So, I watched the season premiere episode of "Saturday Night Live" last week....
I liked it, it was funny.
I mean, I guess I could go into specifics, but...- look, talking about "SNL" is always a little bit of a hot-button issue that's gonna cause a lot of responses from people, and about half of them are gonna be some variant of how the show isn't as good or as funny as it used to be, or that the "Weekend Update" segments are the only really good parts or- I don't know, there's always somebody saying something negative just to be a dick, and there's also gonna be some from the other side too.
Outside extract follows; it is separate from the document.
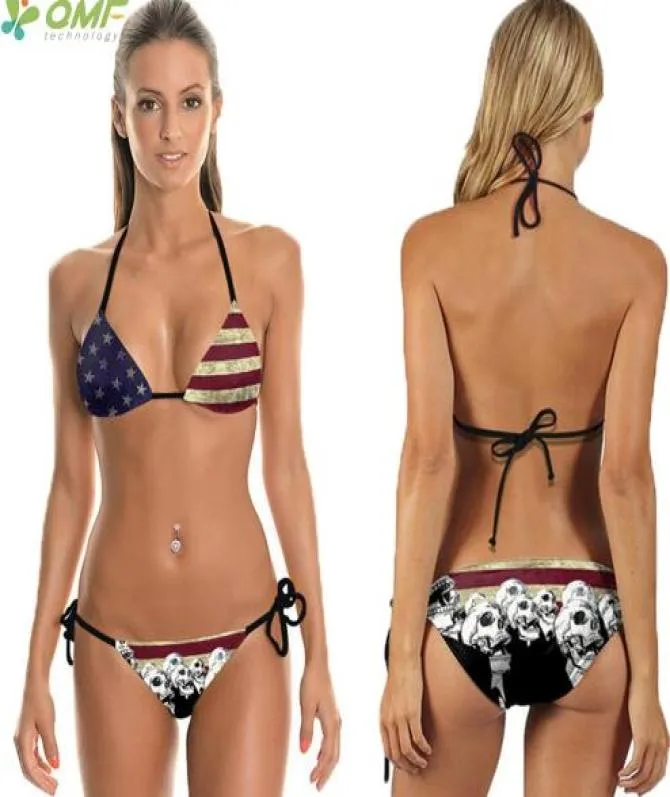 Vintage USA Vlag Bikini Set Bandage Badpakken Harajuku Schedels Badpak Womens Push Up Braziliaanse Badmode Rode Strepen Print5667373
Give these people a chance, just because they're not Belushi and Radner doesn't mean they're not funny or just as great.
Look, I'm not gonna put up with line of argument too long; I will say that, there have been bad eras in "SNL"'s history; I won't blindly say it's always been funny. That said, I think most of those seasons can usually be chalked up to rebuilding years where the cast is still learning to gel and find their voice. If there's a truly bad era, I would argue, the mid-80s seasons, after Eddie Murphy and Joe Piscopo left were cringy and very few sketches are remembered fondly from that time and that's the era where the cast members were particularly weak and lacked anybody who had significant careers of note after the series ended. (Or were somewhat known before joining the show and weren't really natural fits for sketch comedy) Other then that, I think most supposed bad seasons or eras of "SNL" can either have some sort of legit excuse, and can be dismissed 'cause they inevitably led to great "SNL" eras or people are just relentlessly comparing them to whatever their particular favorite nostalgia era of "SNL" was and any or most modern comedy will just never equal the past.
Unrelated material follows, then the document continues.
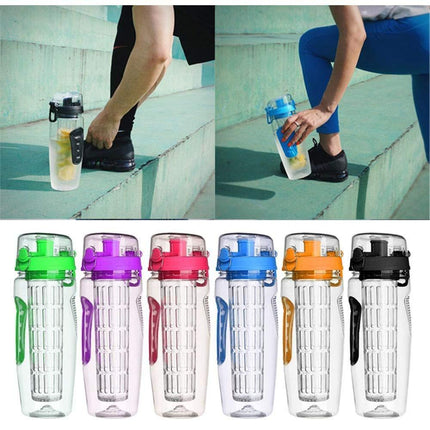 1000ml BPA-Free Water Fruit Bottle with Shaker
In my case, my first great "SNL" era was the late '80-early '90s era, where you had Phil Hartman, Mike Myers, Dana Carvey, young Chris Rock, younger Sarah Silverman for like a month, Chris Farley, David Spade, Dennis Miller, Norm MacDonald, Kevin Nealon, Jon Lovitz, etc. etc. And somehow Adam Sandler became the biggest superstar out of that bunch. And even I'd argue, that's maybe 4th or 5th best era? The late '90s, Tina Fey-era is even stronger to me once that core group of suddenly got comfortable. "SNL" isn't like, a regular series; it's never gonna jump the shark, it's gonna evolve and change with the times and new blood is constantly coming in to challenge and change what we thought of as funny. Whether you think it's the funniest Variety-Sketch out there right now or not, and yeah, some years, I'd argue it hasn't been, even during some of the series' best years, "SNL" remains a pretty good barometer of what comedy was at the time and see how it's change. It's probably the greatest and biggest American television institution. The Not-Ready-for-Primetime Players, the premiere spot for the next biggest stars in comedy to make their first big, major impressions on a national stage. It's a symbol that not only have these guys, and gals have made it, but these guys aren't going to become stars in the future, they're going to become important influential figures in the world of American comedy.
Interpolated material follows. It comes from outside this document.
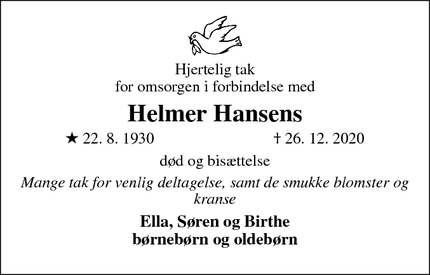 Dødsannoncen for Helmer Hansens - Viborg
For those who might not know what this clip above is, this was an episode of "All That", which Nickelodeon, last year, actually rebooted and brought back, but it was Nickelodeon's teenage version of "SNL" back in the early '90s, and yeah, that's Chris Farley, one of his last performances in fact, working with him in a sketch. The reason I'm bringing it up is a couple years ago, Kenan Thompson actually surpassed Carol Burnett's record for most years being a regular cast member of a sketch comedy series. Most of it was from "SNL" where, unless you count Don Pardo or Lorne Michaels, I guess, as cast members, Kenan Thompson is also the longest-running cast member in the show's history, this being his 17th season as a cast member. That, along with his work on "All That" is kinda startling.